Visualizing Spectral Graph Theory
A Manim project explaining spectral graph theory
As part of the graduate course CSCI 2952Q: Robust Algorithms for Machine Learning at Brown, we created a video presentation that dives into some of the key ideas from Daniel A. Spielman’s Spectral and Algebraic Graph Theory. The project focused on making abstract mathematical concepts more intuitive through visuals and animations with Manim.

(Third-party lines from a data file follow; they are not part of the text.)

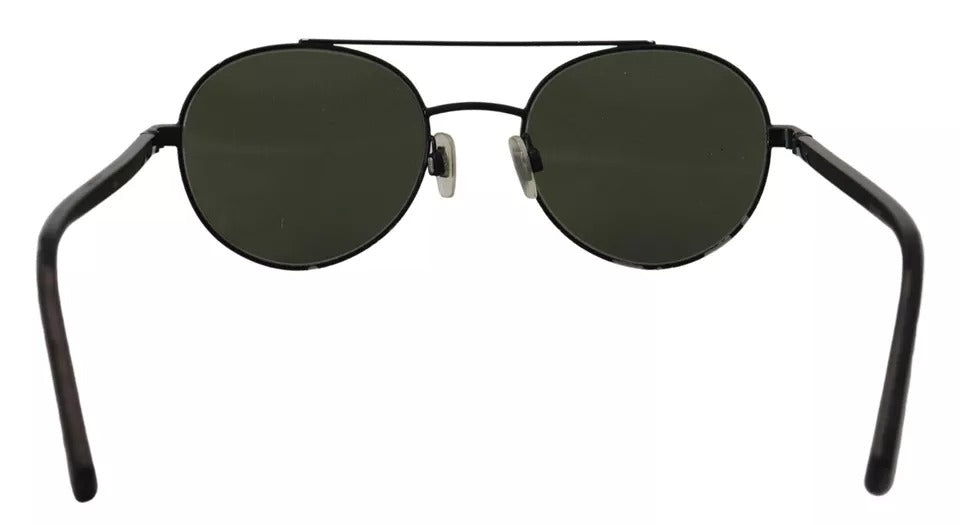 Dolce & Gabbana DG2245 Women's Matte Black Sunglasses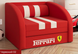 Кресло-диван Viorina Deko Smart Sm 002 (красный) 80х170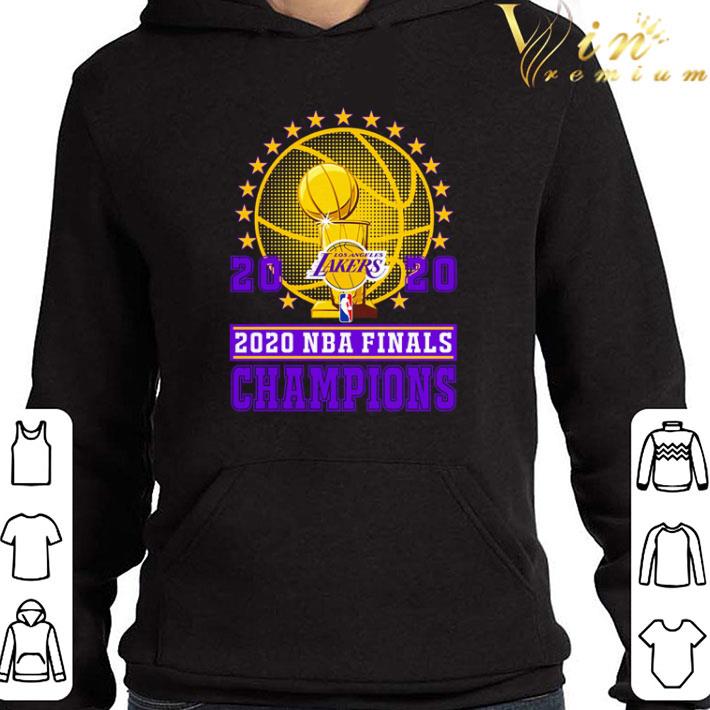 Los Angeles Lakers 2020 NBA finals Champions shirt 3 Los Angeles Lakers 2020 NBA finals Champions shirt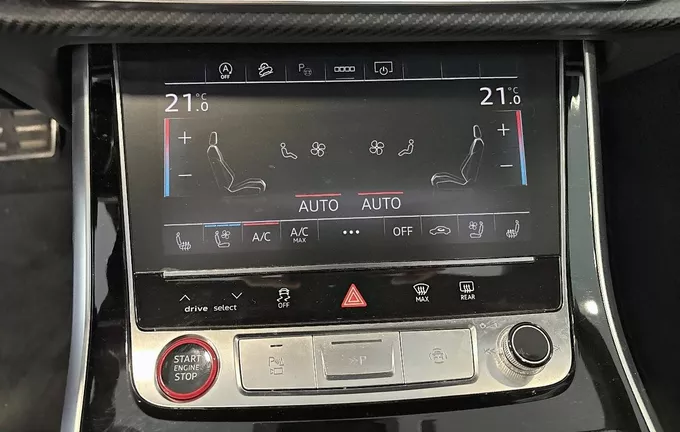 AUDI RS Q8 TFSI 600 ch Tiptronic 8 Quattro photo 14 2129571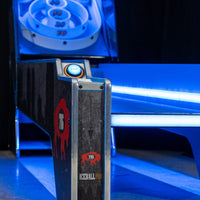 Custom ICE Ball Pro Alley Roller Arcade Ice Ball Pro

Even though graph theory is already pretty visual by nature, linear algebra turns out to be unusually effective at talking about it—especially when we start looking at eigenvalues and eigenvectors, the spectrum of a graph. Spectral graph theory turns out to reveal deep insights about how graphs behave using these linear algebra tools.
The presentation starts with some of the basic tools we need to talk about spectra: the Rayleigh quotient, and one of the most beautiful results in linear algebra, the spectral theorem. From there, we move into the world of graph Laplacians, which give us a new way to study graphs using their eigenvalues. For example, we show how you can tell whether a graph is connected just by looking at its smallest nonzero eigenvalue.
After that, we explore some higher-level ideas like the isoperimetric ratio and conductance, which are key to problems in graph partitioning—an area where spectral methods really shine. We wrap things up with a short look at how spectral graph theory developed and some of the ways it’s used today, from machine learning to network analysis.
The full source code of the animations is available on GitHub. While a few of the more experimental 3D animations didn’t make it into the final cut, the code is there if you’re curious to explore more.